Progress in both Machine Learning (ML) and Quantum Chemistry (QC) methods have resulted in high accuracy ML models for QC properties. Datasets such as MD17 and WS22 have been used to benchmark these models at a given level of QC method, or fidelity, which refers to the accuracy of the chosen QC method. Multifidelity ML (MFML) methods, where models are trained on data from more than one fidelity, have shown to be effective over single fidelity methods. Much research is progressing in this direction for diverse applications ranging from energy band gaps to excitation energies. One hurdle for effective research here is the lack of a diverse multifidelity dataset for benchmarking. We provide the Quantum chemistry MultiFidelity (QeMFi) dataset consisting of five fidelities calculated with the TD-DFT formalism. The fidelities differ in their basis set choice: STO-3G, 3-21G, 6-31G, def2-SVP, and def2-TZVP. QeMFi offers to the community a variety of QC properties such as vertical excitation properties and molecular dipole moments. Further QeMFi offers QC computation times allowing for a time benefit benchmark of multifidelity models for ML-QC.

查看原文

微信好友朋友圈 QQ好友复制链接

本刊更多论文

QeMFi：不同分子量子化学性质的多保真度数据集。

机器学习（ML）和量子化学（QC）方法的进步导致了QC特性的高精度ML模型。MD17和WS22等数据集已被用于在给定的QC方法或保真度水平上对这些模型进行基准测试，保真度指的是所选QC方法的准确性。多保真度机器学习（MFML）方法，其中模型在来自多个保真度的数据上进行训练，已经证明比单一保真度方法更有效。从能带隙到激发能，在这个方向上有很多的研究进展。有效研究的一个障碍是缺乏多样化的多保真度数据集进行基准测试。我们提供了量子化学多保真度（QeMFi）数据集，该数据集由使用TD-DFT形式计算的五个保真度组成。保真度的基础设置选择不同：STO-3G、3-21G、6-31G、def2-SVP和def2-TZVP。QeMFi为社区提供了各种QC特性，如垂直激发特性和分子偶极矩。进一步的QeMFi提供QC计算时间，允许ML-QC的多保真模型的时间效益基准。

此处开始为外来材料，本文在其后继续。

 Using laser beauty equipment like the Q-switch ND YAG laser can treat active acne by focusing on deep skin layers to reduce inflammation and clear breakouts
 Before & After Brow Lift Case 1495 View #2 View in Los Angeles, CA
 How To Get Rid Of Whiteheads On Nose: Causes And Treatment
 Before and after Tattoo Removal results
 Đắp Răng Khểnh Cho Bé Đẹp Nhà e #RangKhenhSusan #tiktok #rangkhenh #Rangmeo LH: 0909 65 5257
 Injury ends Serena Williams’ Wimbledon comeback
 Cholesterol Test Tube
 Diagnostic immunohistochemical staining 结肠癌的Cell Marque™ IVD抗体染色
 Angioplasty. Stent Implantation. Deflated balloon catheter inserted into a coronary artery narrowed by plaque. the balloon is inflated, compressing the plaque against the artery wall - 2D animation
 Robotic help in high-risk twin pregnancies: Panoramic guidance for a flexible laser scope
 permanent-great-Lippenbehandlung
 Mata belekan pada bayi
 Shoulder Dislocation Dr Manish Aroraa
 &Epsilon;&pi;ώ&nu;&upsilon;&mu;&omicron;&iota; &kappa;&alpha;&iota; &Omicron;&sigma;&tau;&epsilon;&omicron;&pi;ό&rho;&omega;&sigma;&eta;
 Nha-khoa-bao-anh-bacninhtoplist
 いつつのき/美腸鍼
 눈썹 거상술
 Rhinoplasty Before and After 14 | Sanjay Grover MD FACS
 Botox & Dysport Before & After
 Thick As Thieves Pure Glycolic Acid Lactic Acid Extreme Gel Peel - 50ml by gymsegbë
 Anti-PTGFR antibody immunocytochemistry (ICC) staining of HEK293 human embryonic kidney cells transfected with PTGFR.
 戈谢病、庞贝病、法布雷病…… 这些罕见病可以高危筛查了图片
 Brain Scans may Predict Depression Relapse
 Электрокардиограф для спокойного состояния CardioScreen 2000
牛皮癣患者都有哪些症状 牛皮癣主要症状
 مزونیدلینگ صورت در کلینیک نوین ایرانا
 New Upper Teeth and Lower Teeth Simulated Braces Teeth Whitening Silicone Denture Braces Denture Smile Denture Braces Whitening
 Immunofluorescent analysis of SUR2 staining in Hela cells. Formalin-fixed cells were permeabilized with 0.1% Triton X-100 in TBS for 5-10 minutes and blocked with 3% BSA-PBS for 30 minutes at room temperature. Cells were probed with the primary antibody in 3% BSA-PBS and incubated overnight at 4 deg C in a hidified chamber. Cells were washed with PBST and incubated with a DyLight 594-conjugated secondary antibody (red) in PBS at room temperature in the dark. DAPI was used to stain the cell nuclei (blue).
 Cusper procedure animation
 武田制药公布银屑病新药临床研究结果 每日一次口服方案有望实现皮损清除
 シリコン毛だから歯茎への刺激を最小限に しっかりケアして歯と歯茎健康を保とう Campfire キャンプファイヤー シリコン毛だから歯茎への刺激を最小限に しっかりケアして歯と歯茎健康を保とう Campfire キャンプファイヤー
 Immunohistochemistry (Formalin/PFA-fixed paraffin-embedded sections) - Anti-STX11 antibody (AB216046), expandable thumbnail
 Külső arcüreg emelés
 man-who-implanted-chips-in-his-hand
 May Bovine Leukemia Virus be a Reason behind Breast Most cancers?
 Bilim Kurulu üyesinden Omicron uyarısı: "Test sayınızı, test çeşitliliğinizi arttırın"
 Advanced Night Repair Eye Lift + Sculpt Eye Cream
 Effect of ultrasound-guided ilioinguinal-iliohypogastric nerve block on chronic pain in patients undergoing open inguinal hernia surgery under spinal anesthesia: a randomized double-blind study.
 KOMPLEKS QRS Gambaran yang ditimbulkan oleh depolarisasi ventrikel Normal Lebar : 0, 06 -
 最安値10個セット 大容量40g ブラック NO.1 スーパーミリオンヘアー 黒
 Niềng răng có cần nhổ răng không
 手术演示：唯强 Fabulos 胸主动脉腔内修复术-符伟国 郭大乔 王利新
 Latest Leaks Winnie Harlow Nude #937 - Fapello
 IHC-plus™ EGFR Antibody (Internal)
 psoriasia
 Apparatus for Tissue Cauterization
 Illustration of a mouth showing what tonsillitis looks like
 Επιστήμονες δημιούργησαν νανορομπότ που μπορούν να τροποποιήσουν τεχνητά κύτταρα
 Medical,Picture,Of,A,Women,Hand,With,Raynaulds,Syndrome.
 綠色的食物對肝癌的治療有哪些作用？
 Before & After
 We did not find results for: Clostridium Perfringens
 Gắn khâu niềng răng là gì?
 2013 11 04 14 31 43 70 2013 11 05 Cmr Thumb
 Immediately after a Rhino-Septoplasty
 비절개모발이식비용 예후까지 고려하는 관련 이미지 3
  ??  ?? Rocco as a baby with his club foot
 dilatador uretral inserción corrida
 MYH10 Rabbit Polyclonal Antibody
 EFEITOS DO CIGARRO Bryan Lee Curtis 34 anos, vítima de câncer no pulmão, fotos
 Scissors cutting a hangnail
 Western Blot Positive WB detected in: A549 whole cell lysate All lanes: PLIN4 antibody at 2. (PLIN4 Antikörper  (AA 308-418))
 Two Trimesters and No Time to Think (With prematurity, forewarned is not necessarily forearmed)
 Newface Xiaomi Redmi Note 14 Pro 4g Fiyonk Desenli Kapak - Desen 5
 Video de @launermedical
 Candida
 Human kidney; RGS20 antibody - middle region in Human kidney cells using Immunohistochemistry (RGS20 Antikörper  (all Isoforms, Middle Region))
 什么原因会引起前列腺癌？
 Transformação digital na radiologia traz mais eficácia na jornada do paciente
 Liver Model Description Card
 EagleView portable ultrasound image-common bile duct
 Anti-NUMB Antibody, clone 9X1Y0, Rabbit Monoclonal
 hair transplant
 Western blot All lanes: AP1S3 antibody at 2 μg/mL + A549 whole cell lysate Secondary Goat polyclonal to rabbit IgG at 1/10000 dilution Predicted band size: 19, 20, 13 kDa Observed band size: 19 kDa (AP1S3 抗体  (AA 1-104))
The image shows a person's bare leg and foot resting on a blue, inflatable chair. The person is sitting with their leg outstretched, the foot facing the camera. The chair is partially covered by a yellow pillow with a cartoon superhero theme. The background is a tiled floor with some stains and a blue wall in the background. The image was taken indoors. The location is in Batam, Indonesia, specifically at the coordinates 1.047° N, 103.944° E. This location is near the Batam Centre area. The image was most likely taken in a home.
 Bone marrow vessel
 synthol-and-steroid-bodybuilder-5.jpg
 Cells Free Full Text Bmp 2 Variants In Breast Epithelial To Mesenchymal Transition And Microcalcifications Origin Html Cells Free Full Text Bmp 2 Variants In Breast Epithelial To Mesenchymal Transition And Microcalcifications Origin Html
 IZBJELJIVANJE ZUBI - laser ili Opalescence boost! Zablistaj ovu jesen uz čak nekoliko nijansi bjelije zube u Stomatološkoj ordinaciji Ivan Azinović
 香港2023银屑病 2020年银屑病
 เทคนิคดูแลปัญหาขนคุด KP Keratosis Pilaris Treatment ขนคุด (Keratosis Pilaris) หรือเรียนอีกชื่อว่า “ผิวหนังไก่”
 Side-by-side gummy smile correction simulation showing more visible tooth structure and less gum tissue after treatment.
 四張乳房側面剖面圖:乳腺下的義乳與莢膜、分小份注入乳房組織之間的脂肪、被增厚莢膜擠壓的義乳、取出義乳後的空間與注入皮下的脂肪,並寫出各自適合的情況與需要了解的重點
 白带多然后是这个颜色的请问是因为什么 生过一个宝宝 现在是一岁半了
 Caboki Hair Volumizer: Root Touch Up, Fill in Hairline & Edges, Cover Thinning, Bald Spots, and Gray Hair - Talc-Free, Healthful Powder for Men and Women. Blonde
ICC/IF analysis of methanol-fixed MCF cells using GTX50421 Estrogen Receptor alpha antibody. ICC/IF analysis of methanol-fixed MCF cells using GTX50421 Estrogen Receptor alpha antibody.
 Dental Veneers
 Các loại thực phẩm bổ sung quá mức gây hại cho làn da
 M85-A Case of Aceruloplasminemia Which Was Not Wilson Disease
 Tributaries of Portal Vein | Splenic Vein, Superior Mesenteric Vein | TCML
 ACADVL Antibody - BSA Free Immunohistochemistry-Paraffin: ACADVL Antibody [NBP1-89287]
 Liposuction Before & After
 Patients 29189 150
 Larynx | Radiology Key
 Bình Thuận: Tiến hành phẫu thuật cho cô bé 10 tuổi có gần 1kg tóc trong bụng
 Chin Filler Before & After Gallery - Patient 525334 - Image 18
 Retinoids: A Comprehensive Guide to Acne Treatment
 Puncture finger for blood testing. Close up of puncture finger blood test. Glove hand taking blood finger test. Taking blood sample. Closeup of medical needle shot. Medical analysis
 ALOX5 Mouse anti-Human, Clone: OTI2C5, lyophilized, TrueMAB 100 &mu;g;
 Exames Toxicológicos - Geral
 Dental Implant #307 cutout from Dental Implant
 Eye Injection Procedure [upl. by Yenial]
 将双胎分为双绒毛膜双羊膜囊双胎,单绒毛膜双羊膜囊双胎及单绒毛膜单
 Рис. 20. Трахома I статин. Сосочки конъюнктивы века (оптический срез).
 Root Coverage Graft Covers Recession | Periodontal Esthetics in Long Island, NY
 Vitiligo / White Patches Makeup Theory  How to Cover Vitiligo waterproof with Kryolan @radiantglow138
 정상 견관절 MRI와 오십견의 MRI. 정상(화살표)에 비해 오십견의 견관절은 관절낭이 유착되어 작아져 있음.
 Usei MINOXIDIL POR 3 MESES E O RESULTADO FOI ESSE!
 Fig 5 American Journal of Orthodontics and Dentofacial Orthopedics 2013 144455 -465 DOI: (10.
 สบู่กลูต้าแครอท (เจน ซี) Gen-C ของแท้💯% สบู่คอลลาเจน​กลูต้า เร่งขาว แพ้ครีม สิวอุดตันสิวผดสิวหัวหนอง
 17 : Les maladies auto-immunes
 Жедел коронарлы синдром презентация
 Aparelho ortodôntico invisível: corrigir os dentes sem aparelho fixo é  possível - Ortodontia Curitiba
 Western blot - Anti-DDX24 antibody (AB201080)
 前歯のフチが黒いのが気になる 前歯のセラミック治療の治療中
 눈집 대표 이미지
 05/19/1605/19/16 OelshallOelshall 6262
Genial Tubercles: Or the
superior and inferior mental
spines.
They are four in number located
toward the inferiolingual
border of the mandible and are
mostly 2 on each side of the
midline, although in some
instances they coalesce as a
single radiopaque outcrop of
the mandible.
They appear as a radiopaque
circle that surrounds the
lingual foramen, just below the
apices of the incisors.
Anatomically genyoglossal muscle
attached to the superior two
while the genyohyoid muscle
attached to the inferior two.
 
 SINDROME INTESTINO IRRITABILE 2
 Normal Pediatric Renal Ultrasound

本文章由计算机程序翻译，如有差异，请以英文原文为准。

求助全文

约1分钟内获得全文去求助

来源期刊

Scientific Data Social Sciences-Education

CiteScore

11.20

自引率

4.10%

发文量

689

审稿时长

16 weeks

期刊介绍： Scientific Data is an open-access journal focused on data, publishing descriptions of research datasets and articles on data sharing across natural sciences, medicine, engineering, and social sciences. Its goal is to enhance the sharing and reuse of scientific data, encourage broader data sharing, and acknowledge those who share their data. The journal primarily publishes Data Descriptors, which offer detailed descriptions of research datasets, including data collection methods and technical analyses validating data quality. These descriptors aim to facilitate data reuse rather than testing hypotheses or presenting new interpretations, methods, or in-depth analyses.